At numerous concerts and recitals in Belgium and abroad, Durlet proved to be a piano virtuoso of the highest level. His contemporaries call him the “Poet of the Piano”. Alex de Vries declared: “Emmanuel Durlet is the pianist with the most beautiful ‘toucher’ I ever knew”. The news paper “Het Handelsblad” (16/9/1952) writes: “…those who had the privilege to hear him play received a message of beauty for their whole life. His hands made the music of Peter Benoit unforgettable. Playing a concerto of Mozart, Beethoven or Chopin he proves to be an artist blessed with an immense re-creative power to reveal the depths of the work.

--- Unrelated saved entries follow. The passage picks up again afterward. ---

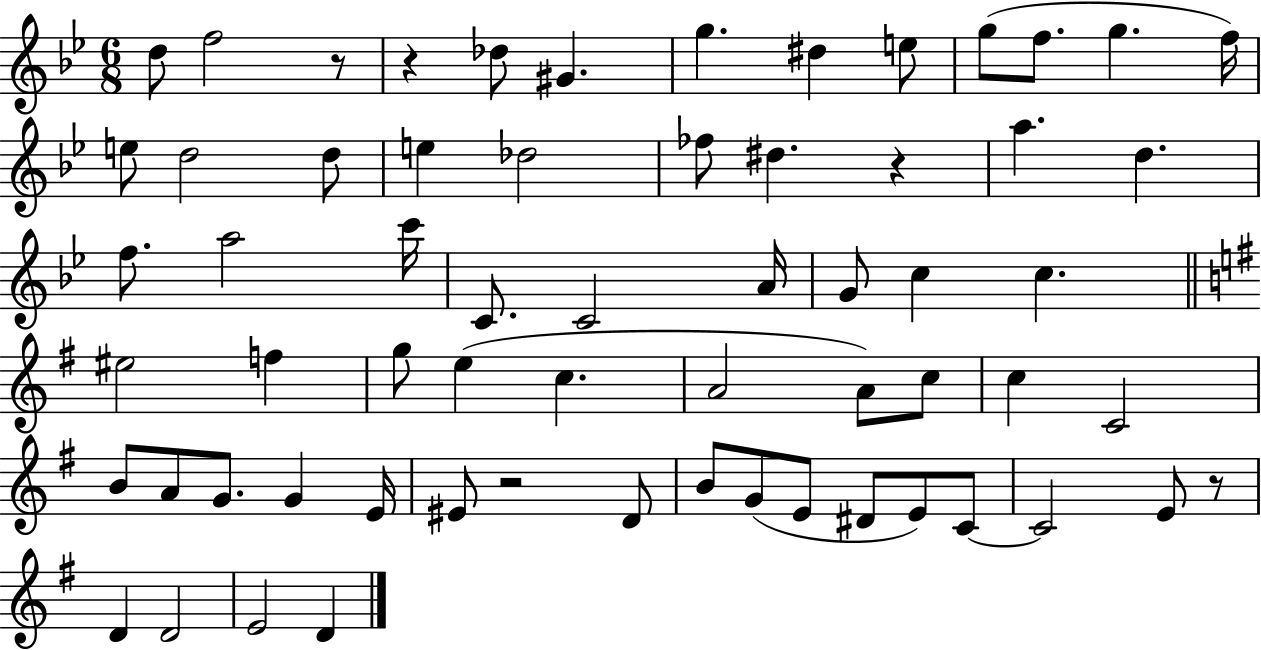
{
  \clef treble
  \numericTimeSignature
  \time 6/8
  \key bes \major
  d''8 f''2 r8 | r4 des''8 gis'4. | g''4. dis''4 e''8 | g''8( f''8. g''4. f''16) | \break e''8 d''2 d''8 | e''4 des''2 | fes''8 dis''4. r4 | a''4. d''4. | \break f''8. a''2 c'''16 | c'8. c'2 a'16 | g'8 c''4 c''4. | \bar "||" \break \key g \major eis''2 f''4 | g''8 e''4( c''4. | a'2 a'8) c''8 | c''4 c'2 | \break b'8 a'8 g'8. g'4 e'16 | eis'8 r2 d'8 | b'8 g'8( e'8 dis'8 e'8) c'8~~ | c'2 e'8 r8 | \break d'4 d'2 | e'2 d'4 | \bar "|."
}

In his fingers technique became merely an element that served to express the inspiration of the composer at its highest level. But that technique was perfect in every way.”
Intelligent and sensitive pedagogue
In 1920, Emmanuel Durlet was appointed professor of piano classes for the higher grades at the Royal Flemish Conservatoire of Music in Antwerp. He held this function for 39 years, during which time his progressive technique and creative inspiration resulted in his training of numerous leading musicians: André Cluytens, Eugène Traey, Frans Cauwenberghs, Walter Crabeels, Denise Tolkowsky, Raf Belmans, Kamiel Cooremans, Frits Celis, Julien Esser, a.o.
To help his pupils build up their technical skills, he designed a four part course called “Piano Study and Technique” regarded as unique in the history of Belgian piano tutorials. For beginners he already wrote the method “I shall play the Piano ‘well’”.
Composer with pictorial imagination
In 1933 Emmanuel Durlet started to perform his own compositions. “Descriptive Poems”, “Fra Angelico’s Garden”, “Reed in the Breeze” and “Chrysanthemums” were the first of an impressive oeuvre, composed in a period of some 20 years. This oeuvre comprises:
- 50 works for piano,
- 80 short pieces for piano for young students,
- a concerto for piano and orchestra “Medieval Scenes”,
- a concerto for violin and orchestra “The Chapel of Mary-Magdalena, extra muros”,
- a sonata for violin and piano “Illuminated Tales”,
- a revised piano version of the piano concerto “Symphonic Poems” by Peter Benoit,
- several works for piano and/or other instruments,
- songs accompanied by piano,
- more than 300 works of the Flemish Harpsichordists of the 18th century in a transcription for the piano (after incessant research in archives of churches, abbeys, convents and private collections).
Durlet prefers to give his works evocative titles. Descriptive and programmatic elements are a constant in his entire oeuvre. The organic integration of various piano techniques and the transformation of those brilliant techniques into an expressive and meaningful pianistic language, together with a highly individualistic melody and a rich and, at times, surprising harmony give the compositions a very personal and recognisable style.